Pluma invitada
Por qué abracé a Rob Reiner tras ver “Stand by Me”
La nostalgia puede ser peligrosa cuando la tienes tan cerca.
En este caso, prefiero confiar más en mis sentimientos que en mi memoria. Lo único de lo que estoy seguro es de cómo me sentí cuando oí que Rob Reiner había muerto: una mezcla de tristeza e incredulidad. En cuanto al resto… Robert Stone tenía razón cuando dijo que “la mente es un mono”.
Creo que vi Cuenta conmigo en otoño de 1985. Por aquel entonces aún se llamaba El cuerpo, que era el título de mi novela corta, en la que se basaba la película de Rob. Creo que me la mostró en una habitación del hotel Beverly Hills, mientras una banda de rocanrol retumbaba en algún lugar a lo lejos. Aquella banda era puro años 80. La película me permitió entrar en otra época, más inocente: 1959.
Estoy seguro de que Rob lucía una camisa a cuadros de manga corta y pantalones caqui, como si acabara de salir del campo de golf (por lo que yo sabía, podía haber sido así). Lo único de lo que estoy absolutamente seguro es que se quedó rondando hasta que la película empezó y luego salió de la habitación. Más tarde me dijo que no podía soportar ver mi reacción si no me hubiera gustado. Yo era un público de una sola persona, sentado en una silla de respaldo alto tomada prestada —o robada— de una de las salas de reuniones del hotel.
Me sorprendió cuán profundamente me afectaron sus 89 minutos. He escrito mucha ficción, pero El cuerpo sigue siendo el único relato abiertamente autobiográfico que he hecho. Aquellos chicos eran mis amigos. Nunca caminamos por una vía de tren para ver un cadáver, pero hicimos otras cosas. La historia trataba de mi realidad, tal como la había vivido en los caminos de tierra del sur de Maine. En realidad había un perro chatarrero, aunque no se llamaba Chopper. De verdad hubo un chico que fue a nadar y salió cubierto de sanguijuelas en zonas sorprendentes, pero no era Gordie Lachance: era yo.

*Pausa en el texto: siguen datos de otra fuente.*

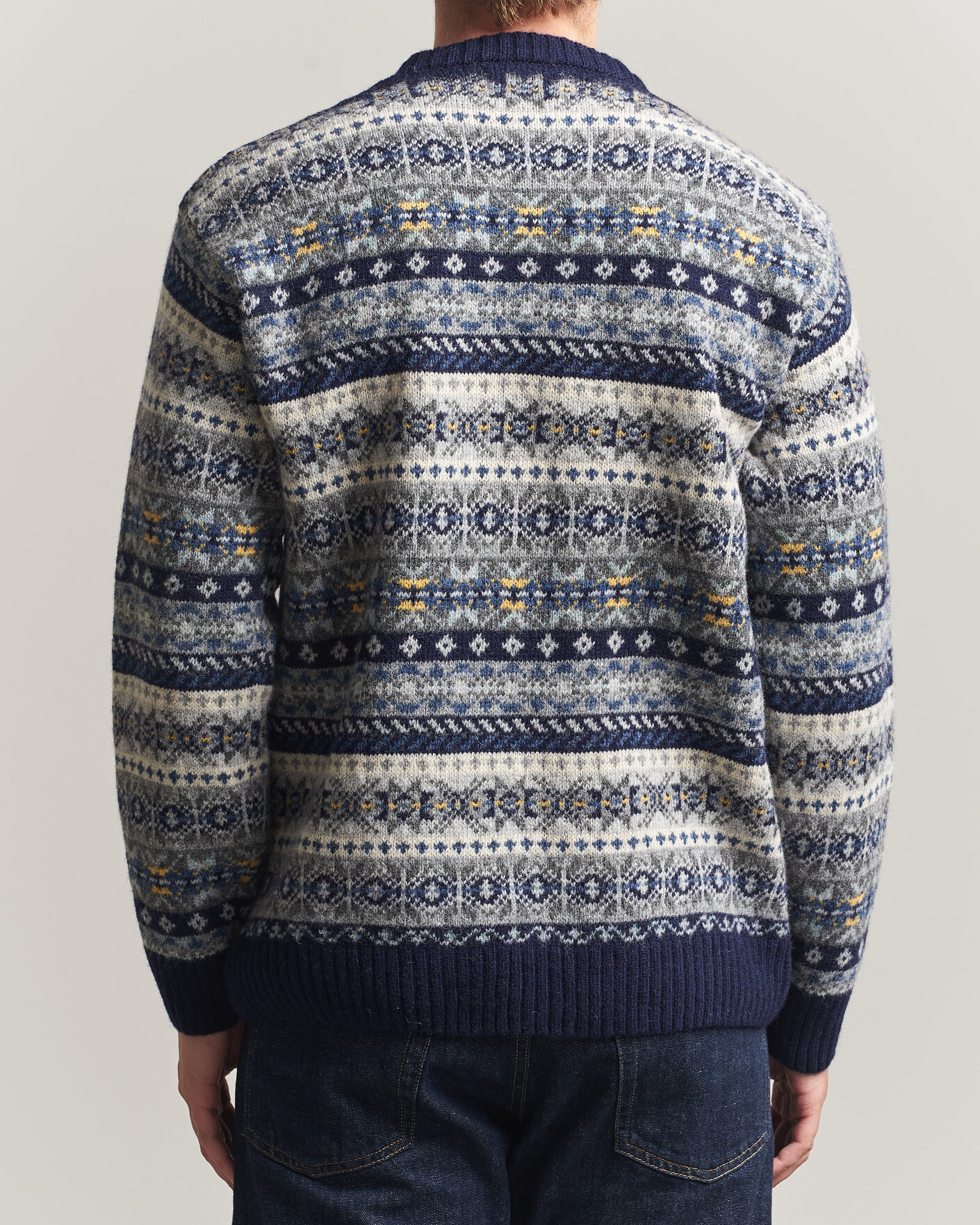 Heren | Truien | Harley Of Scotland | Supersoft 2ply Lambswool Fairisle Crew Navy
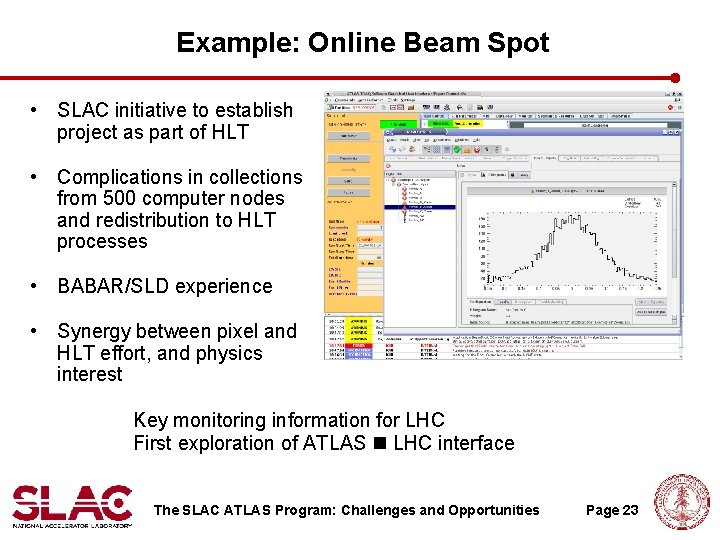 Example: Online Beam Spot • SLAC initiative to establish project as part of HLT Example: Online Beam Spot • SLAC initiative to establish project as part of HLT
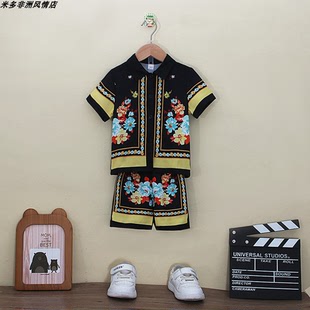 African clothes非洲男童欧美夏季短袖衬衫+短裤/两件套童装 ins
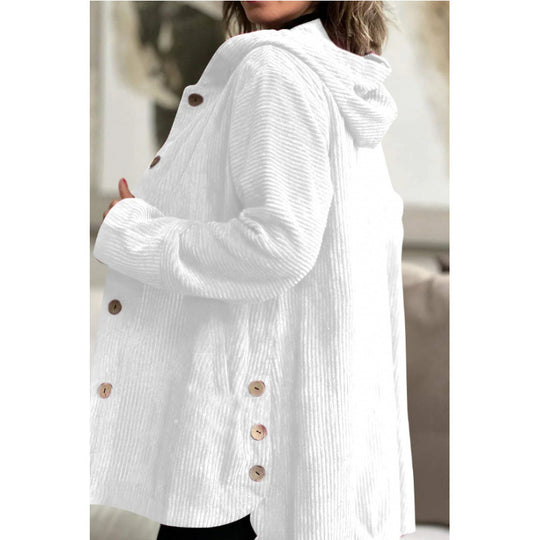 Damen kuschelige Kapuzenjacke aus feinem Cordstoff R&B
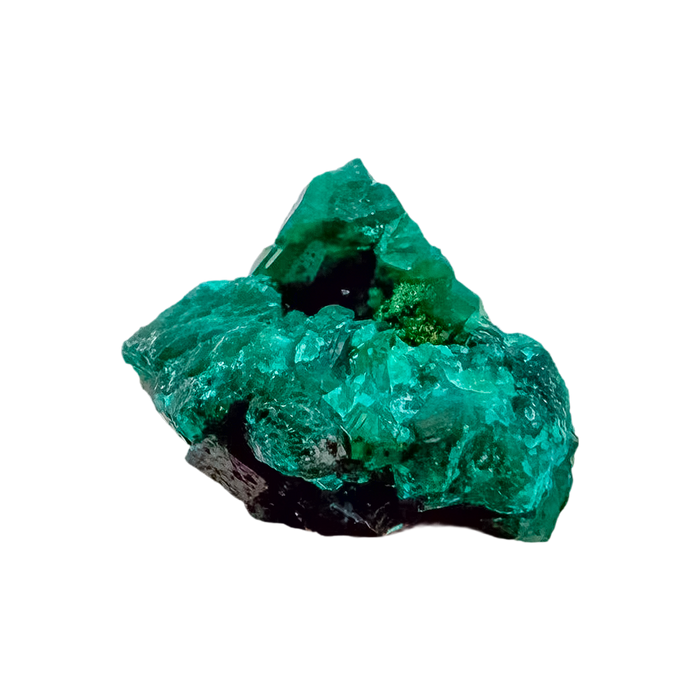 Raw Congolese dioptase, 21.3 g, copper-green crystal over host rock, the largest of the lot
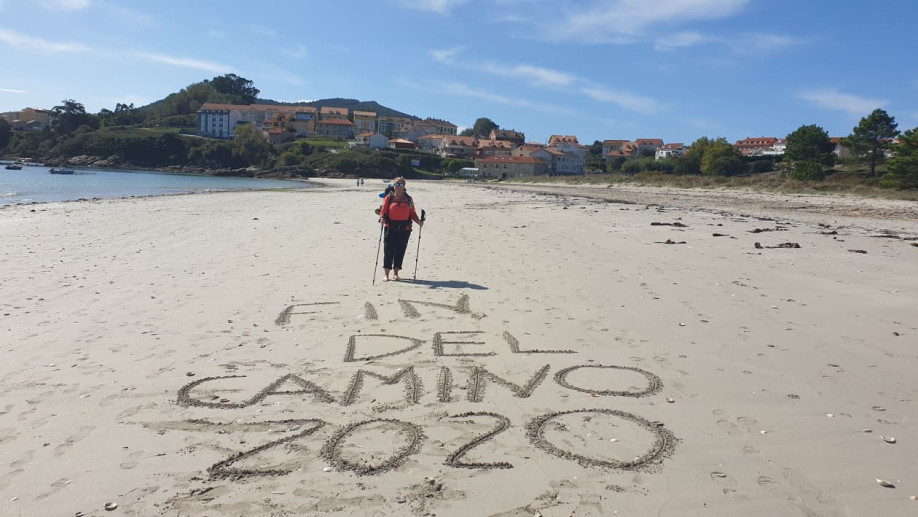 Isabel Braña at the end of her Camino in Finisterre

Y de verdad hubo un chico al que acusaron de robar el dinero de la leche, aunque no se llamaba Chris Chambers. Sí que pidió prestado —no le diremos robar— el Bel Air de su madre. Conmigo de copiloto, lo condujo a unos 145 kilómetros por hora por la Ruta 9, en nuestro pueblo rural del interior. Teníamos 11 años.
Lo que quiero decir es que, en manos de Rob, todo era auténtico. Las partes divertidas eran realmente divertidas (incluida la escena del vómito en cadena) y las partes dramáticas me impactaron justo donde yo vivía —o donde vivía en aquellos días en que John F. Kennedy era presidente y la gasolina costaba alrededor de 7 centavos por litro—.
En manos de Rob, todo era auténtico.
Me había sentido exactamente así, dividido entre la vida de escritor y la vida de mis amigos, que vivían el momento y no parecían ir a ningún lugar en particular, salvo quizá a Vietnam. Elegí la escritura, pero fue una decisión por muy poco.
Cuando terminó la película, le di las gracias a Rob y me sorprendí a mí mismo al darle un abrazo. No soy, por lo general, un hombre de abrazos, y creo que él tampoco estaba acostumbrado a recibirlos. Se puso rígido, murmuró algo sobre alegrarse de que me hubiera gustado, y ambos nos apartamos.
Al parecer, no había terminado de sentir lo que estaba sintiendo. Entré al baño de hombres más cercano y me senté en un cubículo hasta recuperar el control. La nostalgia puede ser peligrosa cuando la tienes tan cerca. No sé exactamente qué quiero decir con eso, pero se siente cierto.
Cuando regresé del baño de hombres, Rob y yo tuvimos una conversación más normal. Me pidió comentarios; no tenía ninguno. Me había dejado llevar por todo aquello. Me maravilló pensar en la buena historia que la verdad puede llegar a ser cuando está en las manos adecuadas.
Años después, Rob organizó para mí una proyección de Misery, basada también en uno de mis libros. Esa película también me encantó, pero no me destrozó tanto emocionalmente. Lo que me gustó —lo que Rob se atrevió a captar— fue la mezcla de humor y suspenso. Cuando Annie Wilkes, perfectamente interpretada por Kathy Bates, le dice a Paul Sheldon que el champán que van a beber es “Dom Per-IG-non”, resulta a la vez gracioso y conmovedor: esta mujer nunca tuvo a nadie que le enseñara la pronunciación correcta. Rob lo captó perfectamente.
Mucho tiempo después, cuando Rob ya se había convertido en un autor consagrado y yo me había convertido en lo que fuera que me convertí, nos encontramos en Nueva York. A instancias suyas, participé en un documental político sobre lo poco que nos gustaba Donald Trump. Rob recibió una avalancha de ataques e insultos en Twitter por eso, con su gracia habitual (me niego a llamarlo X; eso es para las películas porno). Fue una presencia política, un comentarista social y un satírico mordaz. Pero todo eso sigue quedando en segundo plano para mí cuando veo a Chris Chambers decirle al lloroso Gordie Lachance: “Algún día vas a ser un gran escritor”. Ese chico llorón era yo. Fue Rob Reiner quien lo llevó a la pantalla.